# Basic Training Routine

**NOTE**: No longer up-to-date with source code (i.e., LeNet architecture, loading of FashionMNIST dataset, and training algorithms have changed)!


## Imports

To start off, we import all the necessary modules.

In [1]:
from datetime import datetime
from pathlib import Path

import torch
import torch.nn as nn
import torch.nn.functional as F
import torch.optim as optim
import torchvision
from torch.utils.tensorboard import SummaryWriter
from torchvision.transforms import v2 as transforms
from tqdm import tqdm

## Constants & Preparations

In [2]:
# Timestamp for logging purposes
now = datetime.today()

# Paths
DATA_DIR = Path("../data")
RUNS_DIR = Path(f"../logs/tensorboard/{now.strftime('%Y-%m-%d')}/{now.strftime('%H-%M-%S')}")

# Params
BATCH_SIZE = 128
LR = 1e-3
MOMENTUM = 0.9
NUM_EPOCHS = 10
NUM_WORKERS = 0

# Training
DEVICE = torch.device(
    "cuda" if torch.cuda.is_available()
    else "mps" if torch.backends.mps.is_available()
    else "cpu"
)

# Logging
EPOCH_INDEX = 0
INTRA_EPOCH_UPDATES = 10

Next, we set up a **TensorBoard writer** to log the training process later on.

In [3]:
writer = SummaryWriter(RUNS_DIR)

## Data Preparation

We create a transform that transforms the inputs (`PIL.Image.Image`) to `Image` instances (precisely, `torchvision.tv_tensors.Image`),
which are largely interchangeable with regular tensors.
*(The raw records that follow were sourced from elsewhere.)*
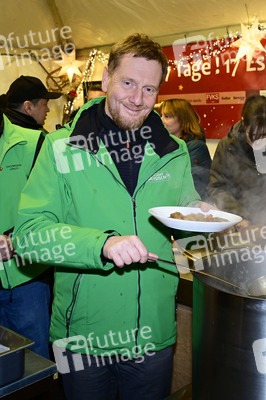 Michael Kretschmer beim Charity-Kochen in Görlitz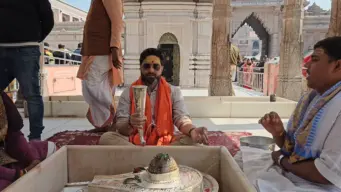 काशी विश्वनाथ मंदिर में बड़ा प्रशासनिक फेरबदल: सीईओ विश्वभूषण मिश्र का तबादला, मिली यह नई जिम्मेदारी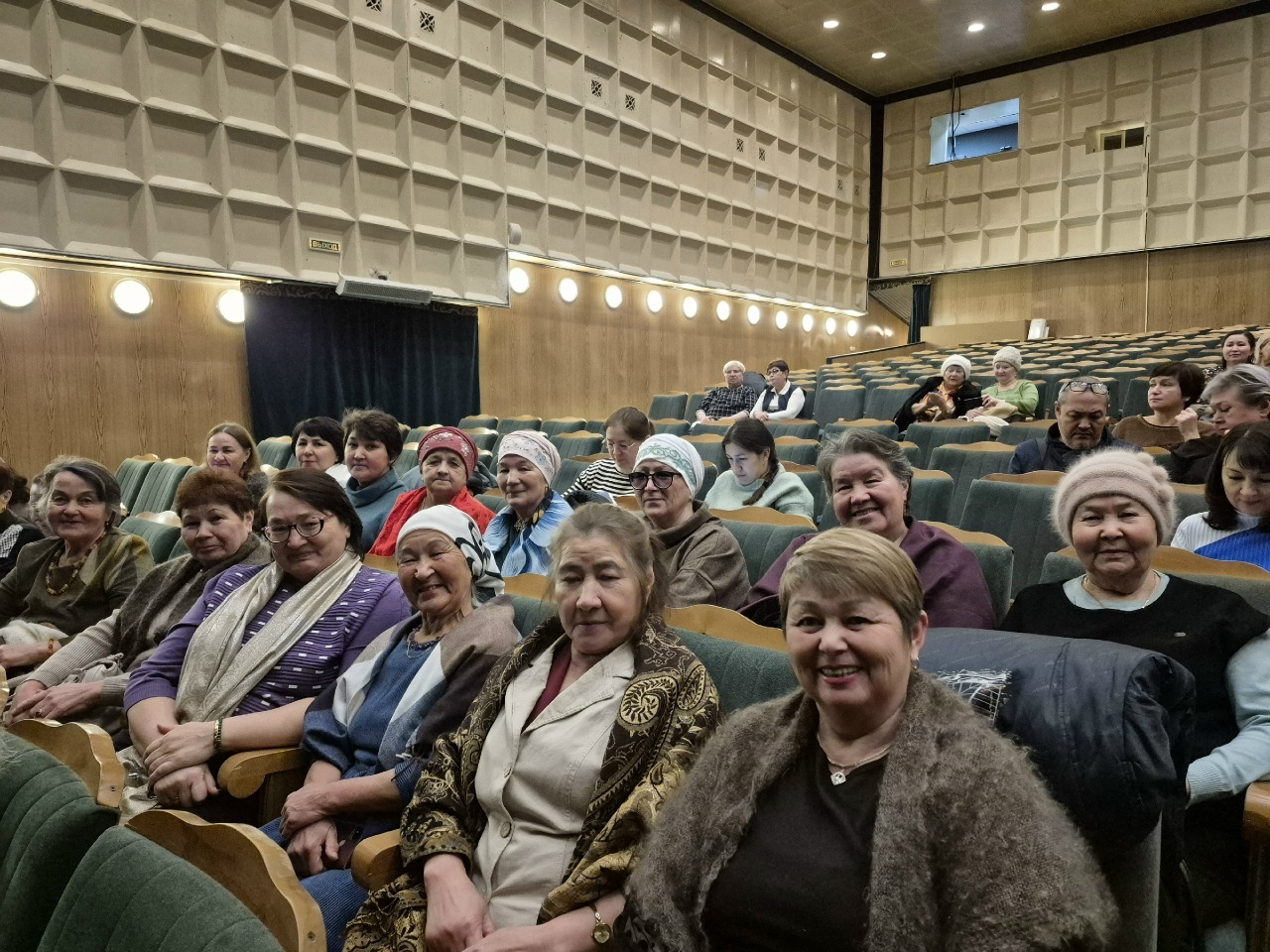 Ирекмәндәр театрға сәйәхәт ҡылды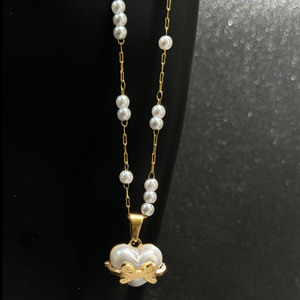 Catene <span class=keywords><strong>di</strong></span> <span class=keywords><strong>perle</strong></span> fatte a mano <span class=keywords><strong>con</strong></span> <span class=keywords><strong>fiocco</strong></span> d'oro a forma <span class=keywords><strong>di</strong></span> cuore ciondolo <span class=keywords><strong>di</strong></span> <span class=keywords><strong>perle</strong></span> carino bella <span class=keywords><strong>collana</strong></span> girocollo per ragazze - Product Image 4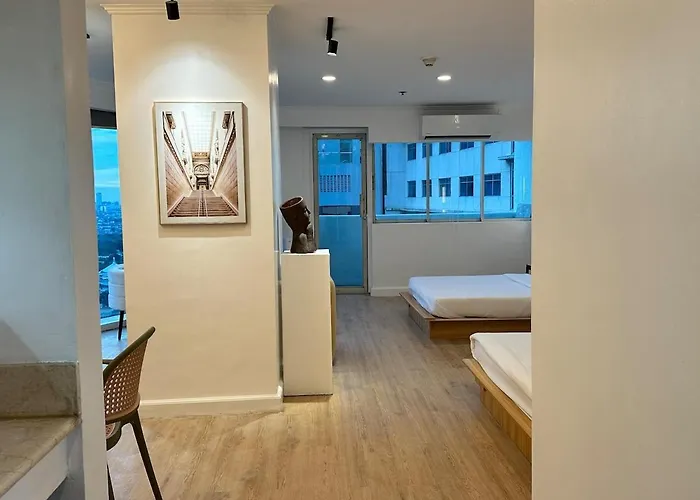 Apartment Chic Urban With Balcony & Bathtub In Poblacion *
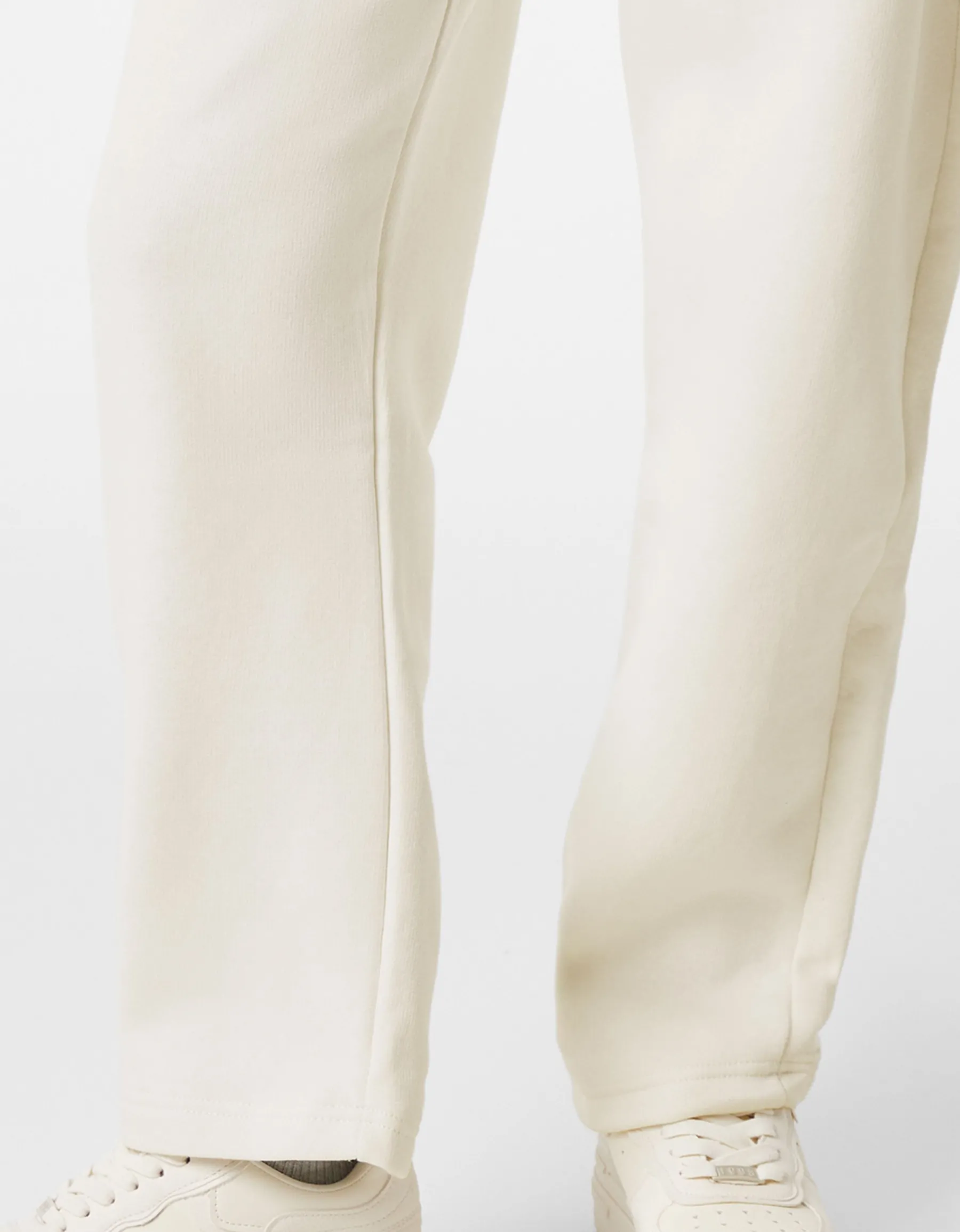 BERSHKA Pantalon molleton wide leg Blanc cassé Fashion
See [here](https://pytorch.org/vision/main/auto_examples/transforms/plot_transforms_getting_started.html#what-are-tvtensors) for details.

In [4]:
# Effectively the same as the 'ToTensor' transformation in v1, followed by normalization
transform = transforms.Compose([
    transforms.ToImage(),                           # convert to Image
    transforms.ToDtype(torch.float32, scale=True),  # scale data to have values in [0, 1]
    transforms.Normalize((0.5,), (0.5,))            # normalize
    ])

We create separate datasets for training and validation.
- `train=True` creates dataset from `train-images-idx3-ubyte` (60k training images)
- `train=False` creates dataset from `t10k-images-idx3-ubyte` (10k test images)

In [5]:
# Create datasets
train_set = torchvision.datasets.FashionMNIST(DATA_DIR, train=True, transform=transform, download=True)
val_set = torchvision.datasets.FashionMNIST(DATA_DIR, train=False, transform=transform, download=True)
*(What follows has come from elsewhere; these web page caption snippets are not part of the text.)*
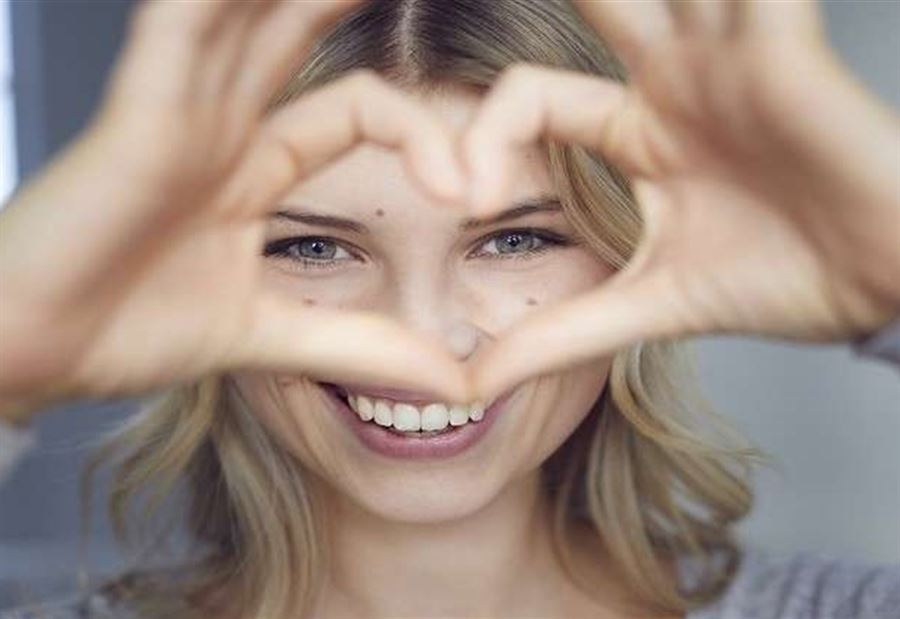 أجساد النساء تتعامل مع الحب على أنه "فيروس"!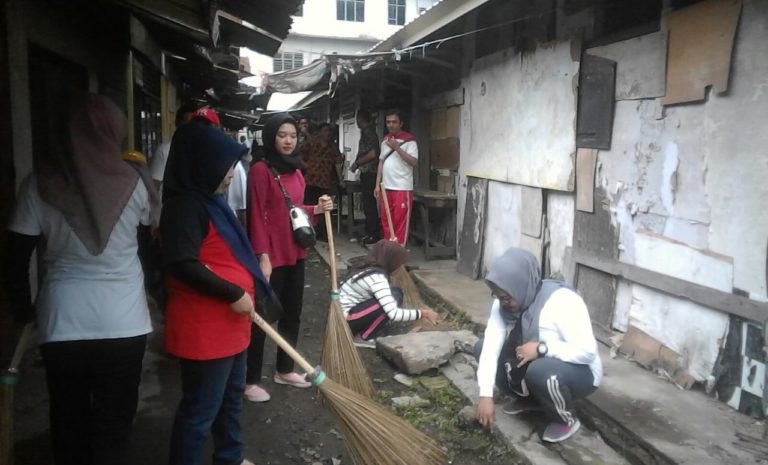 Program 'Jumat Bersih' di Pasar Muara Takus. (mimbar/yurika)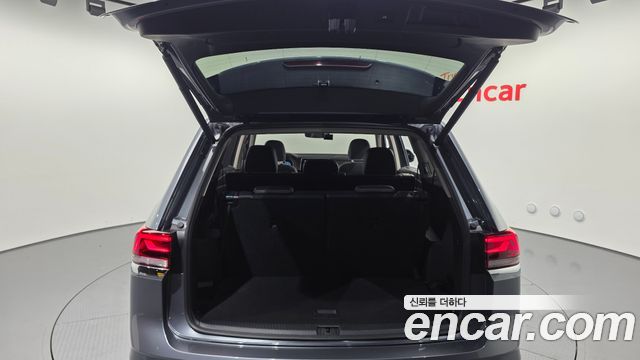 Volkswagen Atlas 2.0 TSI R-LINE 7-Seater 2025 — фото 20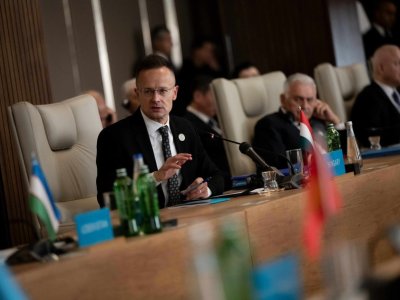 Macarıstanla münasibətlərə zərər gəlməyəcək - deputat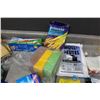 Image 5 : Assorted Cleaning Items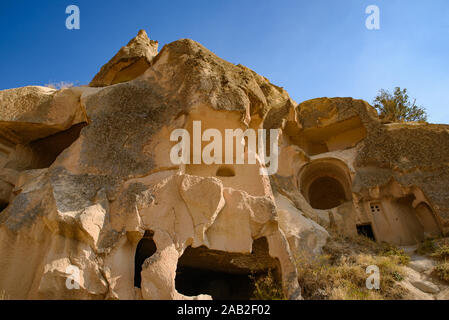 Höhle Häuser in Stein gemeißelt in Göreme, Kappadokien, Türkei Stockfoto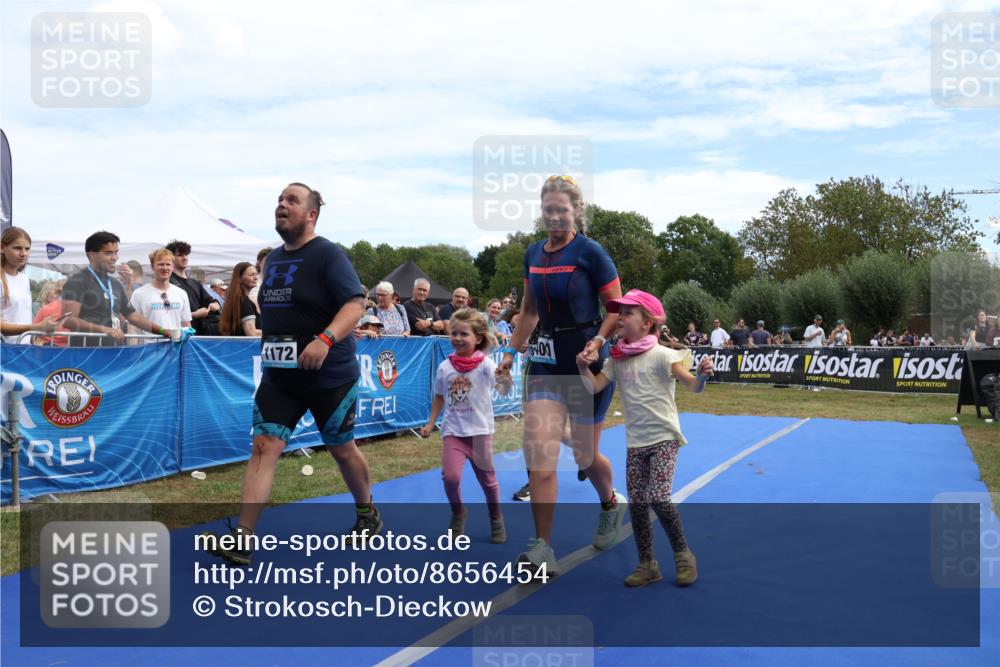 31.08.2025 - Elbe Triathlon Hamburg Strokosch-Dieckow http://msf.ph/oto/8656454 31.08.2025 12:03:52 Ziel 1172, 1387, 1401 meine-sportfotos.de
# Create dataloaders from datasets, shuffle only during training
train_loader = torch.utils.data.DataLoader(train_set, batch_size=BATCH_SIZE, shuffle=True, num_workers=NUM_WORKERS)
val_loader = torch.utils.data.DataLoader(val_set, batch_size=BATCH_SIZE, shuffle=False, num_workers=NUM_WORKERS)
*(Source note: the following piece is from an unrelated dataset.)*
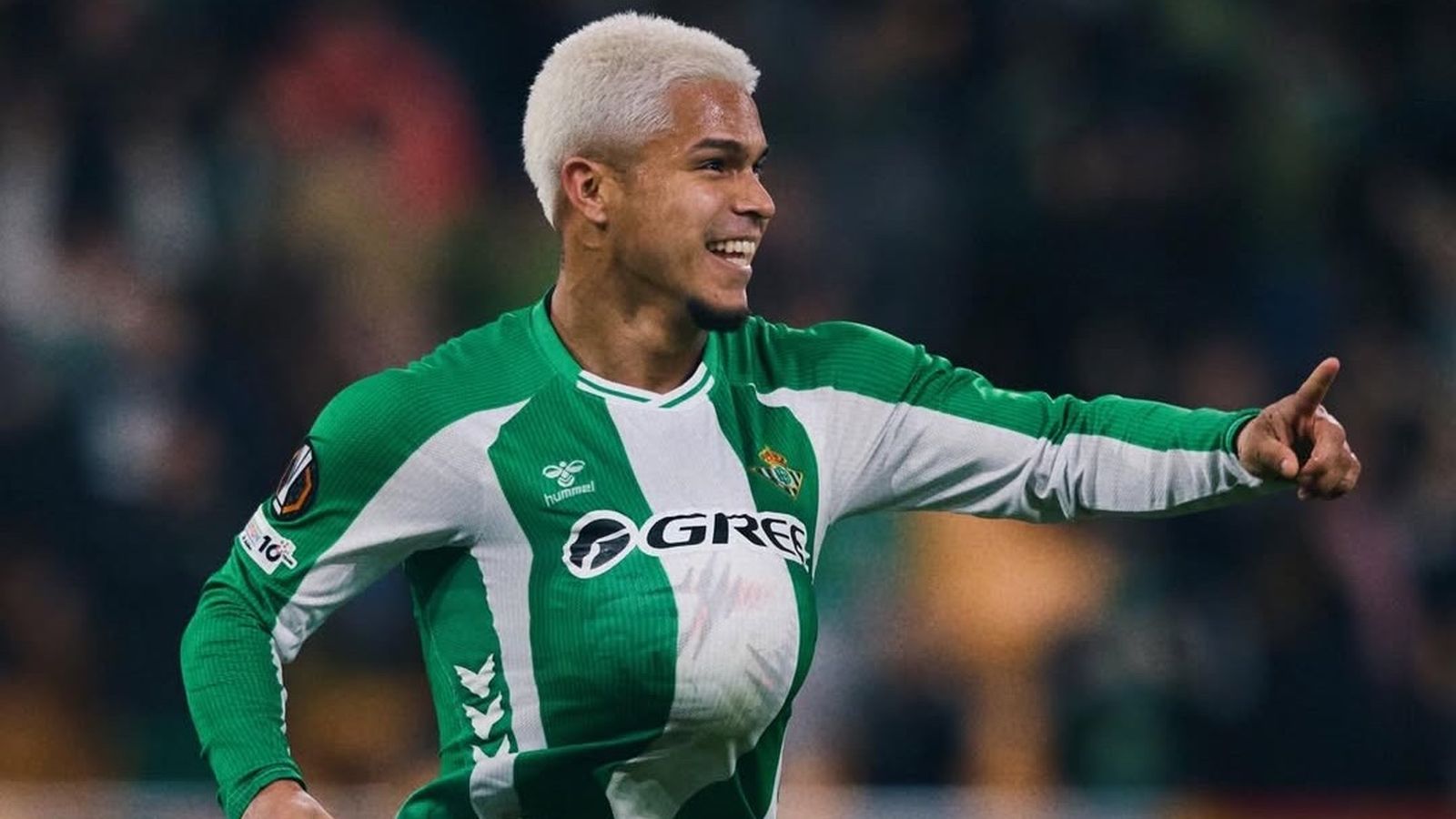 Cucho Hernández celebrando un gol del Betis en La Cartuja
Next, we manually define the class labels used by the FashionMNIST dataset.

In [6]:
CLASS_LABELS = [
    "T-shirt/top",
    "Trouser",
    "Pullover",
    "Dress",
    "Coat",
    "Sandal",
    "Shirt",
    "Sneaker",
    "Bag",
    "Ankle Boot"
]

Finally, we visualize a few images from the validation set using TensorBoard.

In [7]:
# Grab sample images and labels from validation set
sample_val_imgs, sample_val_labels = next(iter(val_loader))
img_grid = torchvision.utils.make_grid(sample_val_imgs)

# Write to Tensorboard
writer.add_image("FashionMNIST Sample Validation Images", img_grid)
writer.flush()

## Neural Networks

We implement a slight modification of the **LeNet** model proposed by [LeCun et al. (1998)](https://direct.mit.edu/neco/article-abstract/1/4/541/5515/Backpropagation-Applied-to-Handwritten-Zip-Code?redirectedFrom=fulltext).

In [8]:
class LeNet(nn.Module):
    """LeNet-5 architecture proposed by LeCun et al. (1998)."""
    def __init__(self):
        super(LeNet, self).__init__()
        self.conv1 = nn.Conv2d(in_channels=1, out_channels=6, kernel_size=5)
        self.pool = nn.MaxPool2d(kernel_size=2, stride=2)
        self.conv2 = nn.Conv2d(in_channels=6, out_channels=16, kernel_size=5)
        self.fc1 = nn.Linear(in_features=16 * 4 * 4, out_features=120)
        self.fc2 = nn.Linear(in_features=120, out_features=84)
        self.fc3 = nn.Linear(in_features=84, out_features=10)

    def forward(self, x):
        x = F.relu(self.conv1(x))
        x = self.pool(x)
        x = F.relu(self.conv2(x))
        x = self.pool(x)
        x = x.view(-1, 16 * 4 * 4)
        x = F.relu(self.fc1(x))
        x = F.relu(self.fc2(x))
        x = self.fc3(x)
        return x


## Utility Functions

We start with a function that **trains\validates a model for a single epoch**. We also report progress to TensorBoard.

In [9]:
def run_epoch(model, dataloader, loss_fn, optimizer=None):
    # Initialize dictionary to log intra-epoch results
    logs = {
        "global_step": [],
        "loss": [],
        "accuracy": []
    }
    
    # Running totals to report progress to TensorBoard
    running_samples = 0
    running_loss = 0.
    running_correct = 0

    # Set training/evaluation mode
    is_training = optimizer is not None
    model.train(is_training)

    # Determine batch indices at which to log to TensorBoard
    num_batches = len(dataloader)
    log_indices = torch.linspace(
        0, num_batches - 1, INTRA_EPOCH_UPDATES + 1
    ).int().tolist()
    if EPOCH_INDEX != 0:
        log_indices = log_indices[1:]

    # Set tags for TensorBoard logging
    tag_loss = f"Loss/{'Train' if is_training else 'Val'}"
    tag_accuracy = f"Accuracy/{'Train' if is_training else 'Val'}"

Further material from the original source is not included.